■ Aim of the exercise:
Extract each line from the entries below that has the string "showing" in it.
START Data extract
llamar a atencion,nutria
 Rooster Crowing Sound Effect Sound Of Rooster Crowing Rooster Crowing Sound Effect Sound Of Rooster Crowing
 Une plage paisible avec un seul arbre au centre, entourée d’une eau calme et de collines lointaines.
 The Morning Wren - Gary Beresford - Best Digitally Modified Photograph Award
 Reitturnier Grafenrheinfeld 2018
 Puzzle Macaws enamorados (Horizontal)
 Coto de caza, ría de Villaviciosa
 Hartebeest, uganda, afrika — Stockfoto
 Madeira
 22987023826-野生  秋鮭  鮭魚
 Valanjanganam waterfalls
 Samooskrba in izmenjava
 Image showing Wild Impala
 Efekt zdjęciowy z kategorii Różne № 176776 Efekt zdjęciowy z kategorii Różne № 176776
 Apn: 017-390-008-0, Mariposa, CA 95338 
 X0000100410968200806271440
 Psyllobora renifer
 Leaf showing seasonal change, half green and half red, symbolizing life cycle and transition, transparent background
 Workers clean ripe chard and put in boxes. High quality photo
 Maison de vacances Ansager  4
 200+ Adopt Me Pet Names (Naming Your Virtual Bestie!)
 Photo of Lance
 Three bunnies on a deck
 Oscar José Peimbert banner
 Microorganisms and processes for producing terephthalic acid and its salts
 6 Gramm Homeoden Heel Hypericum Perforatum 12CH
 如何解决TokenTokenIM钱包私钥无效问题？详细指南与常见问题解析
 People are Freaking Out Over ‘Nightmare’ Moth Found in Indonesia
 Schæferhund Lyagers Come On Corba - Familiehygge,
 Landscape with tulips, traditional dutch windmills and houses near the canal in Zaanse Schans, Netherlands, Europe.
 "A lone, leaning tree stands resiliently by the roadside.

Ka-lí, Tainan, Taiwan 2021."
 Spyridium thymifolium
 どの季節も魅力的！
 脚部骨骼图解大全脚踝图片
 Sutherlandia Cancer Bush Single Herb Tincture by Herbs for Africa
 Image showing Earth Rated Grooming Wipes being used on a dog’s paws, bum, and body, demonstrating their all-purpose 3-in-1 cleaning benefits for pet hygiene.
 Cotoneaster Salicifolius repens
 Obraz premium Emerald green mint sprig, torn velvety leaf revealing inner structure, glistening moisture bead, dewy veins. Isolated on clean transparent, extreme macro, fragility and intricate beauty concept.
END Data extract
■ Solution to this problem:
 Image showing Wild Impala
 Leaf showing seasonal change, half green and half red, symbolizing life cycle and transition, transparent background
 Image showing Earth Rated Grooming Wipes being used on a dog’s paws, bum, and body, demonstrating their all-purpose 3-in-1 cleaning benefits for pet hygiene.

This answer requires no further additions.